Le développement de l'arme blindée polonaise débuta avec la victoire des alliés en 1918. Les premières forces armées polonaises étaient composées d'anciennes unité de légionnaires constituées en France, dont une armée sous le commandement de Józef Haller. Cette armée fut créée en France le 4 juin 1917 après une intense pression politique d'exilés polonais et elle combattit les Allemands jusqu'à la fin de la guerre.

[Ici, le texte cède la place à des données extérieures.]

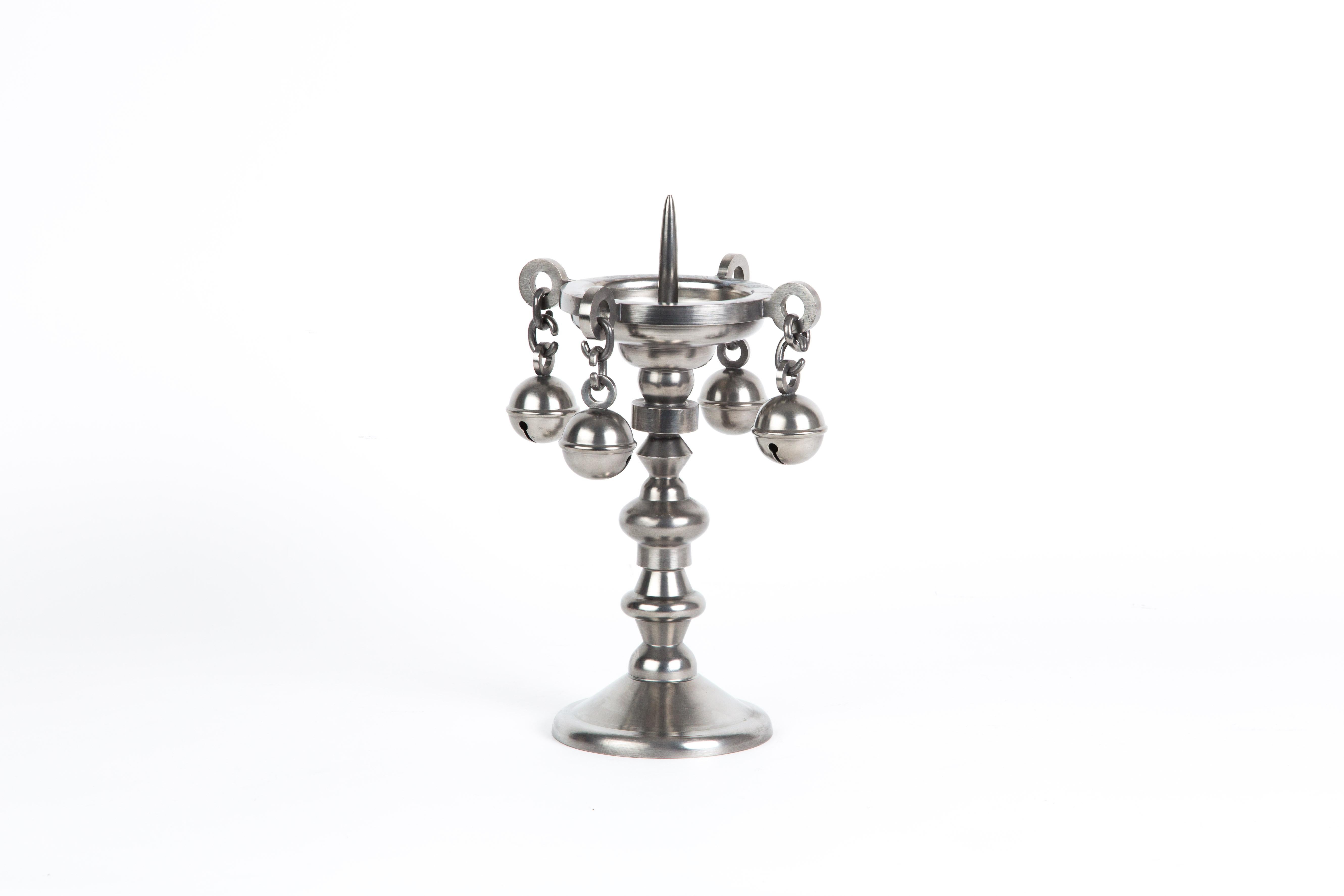 Pewter Candle Holder - Art by Studio Job (Job Smeets & Nynke Tynagel)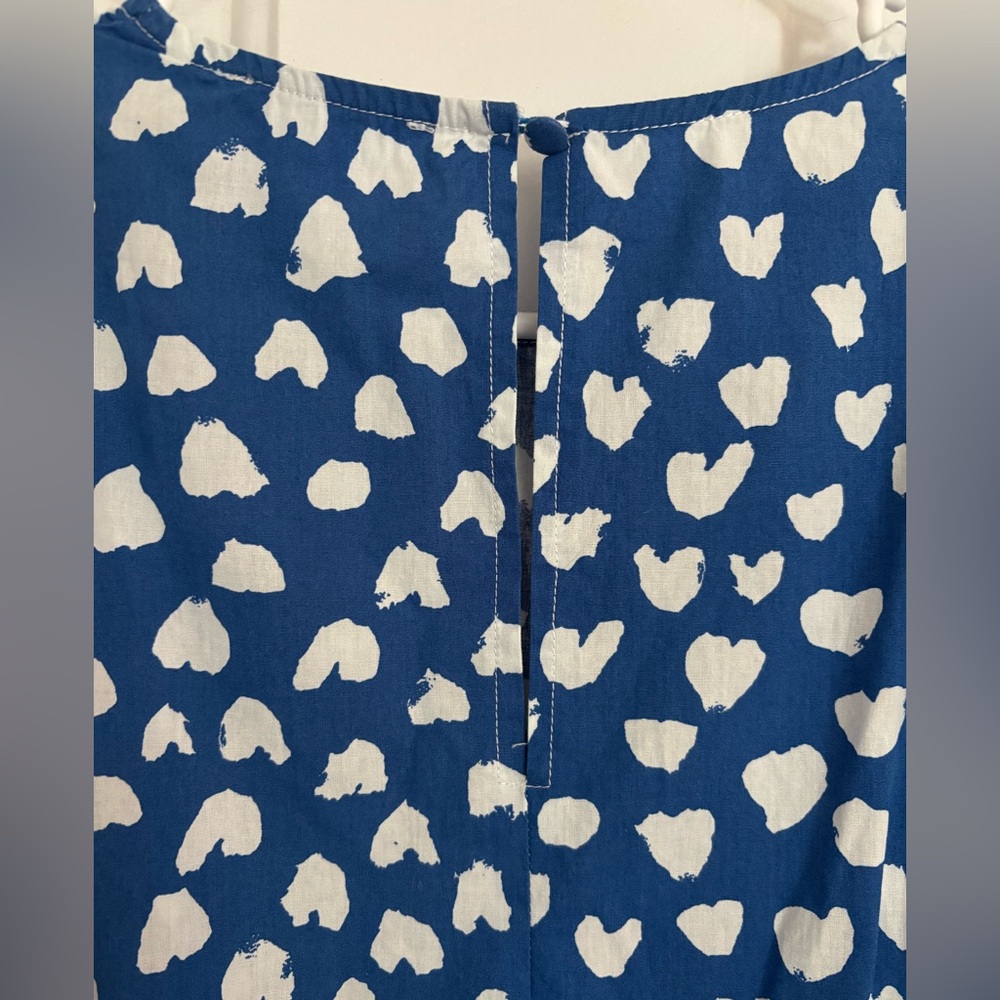 THML Blue Heart Print Flutter Sleeve Top - Picture 7 of 10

Les unités polonaises combattant en France reçurent l'essentiel de leur équipement de l'armée française, puis des Américains. Après la fin de la guerre, les troupes polonaises, de retour dans une Pologne de nouveau indépendante, furent bien équipées (par exemple, environ 1000 automobiles et camions et 500 motos). Le cœur de cette jeune armée polonaise était cependant constitué de 120 chars légers Renault FT, qui était à l'époque le blindé le plus moderne au monde. Cela fit d'emblée de l'armée polonaise une puissance à respecter, seules les superpuissances de l'époque ayant un nombre comparable de blindés à leur disposition.

ft17

La première unité blindée, le 1er régiment de char (1 Pułk Czołgów) fut constitué alors que ses effectifs étaient encore en France. Sur ses 120 chars Renault FT, 75 furent équipés du canon Puteaux SA18 de 37 mm et les 45 autres de la mitrailleuse 8 mm Hotchkiss. En plus de ses chars, le régiment disposait d'un grand nombre de véhicules de soutien, de camions et de quelques tracteurs. Le régiment était constitué de deux bataillons de chars, une section de commandement et une de réparation. Le premier bataillon avait eux compagnies de chars et le second en avait trois. Chaque compagnie était constituée de trois pelotons de cinq chars, ainsi que d'un peloton de commandement et d'un peloton technique.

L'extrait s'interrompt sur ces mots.